Throughout 2012, U.S. employers used all kinds of temporary labor, such as freelancers, contract workers, temps, staffing companies and other workers that weren't given the title of permanent employee.
Now, IQNdex has issued a report that details the impact this evolution has had on the hiring environment, and made special note of the rising costs of outsourcing temporary workers.
"Temporary workers are a leading indicator for where the economy is heading because U.S. companies increasingly rely on this type of labor to ramp up their growth plans," said John F. Martin, CEO of International Markets and Chief Product Officer. "IQNdex provides invaluable information for anyone who wants to understand trends in the labor market, including company executives, economists, HR professionals and managers responsible for services procurement."

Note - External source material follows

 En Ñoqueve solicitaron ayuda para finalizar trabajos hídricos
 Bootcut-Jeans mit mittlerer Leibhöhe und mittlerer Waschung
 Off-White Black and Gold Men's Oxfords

There were several major takeaways from the report, however the most notable may have been the analysis of billing rates throughout the country. According to the study, billing rates for temp workers and contingent employees jumped 2.7 points in the index in 2012. This rate was even higher than the inflation rate for this period, and the increase in temporary labor costs came even as the unemployment rate dropped from 8.5 percent to 7.8 percent - a 0.7 percent decline.

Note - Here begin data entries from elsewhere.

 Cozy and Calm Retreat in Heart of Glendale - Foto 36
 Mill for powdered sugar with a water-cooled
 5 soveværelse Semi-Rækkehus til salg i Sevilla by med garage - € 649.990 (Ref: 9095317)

What's more, the report pegs billing rates for temp workers to continue to rise, which could lead to higher demand for flexible labor based more on performance and cost per unit labor pricing rather than hourly temps. Given the steady growth in the IQNdex last year and the lower unemployment rate, the report expects temporary labor rates to rise further in 2013.
Hourly rates for workers in the IT sector rose 5.1 percent last year, while professional-managerial rates surpassed the inflation rate.
According to Staffing Industry Analysts, this is clearly reflected in the growth rate of the temp hiring sector, which has been decelerating for three years.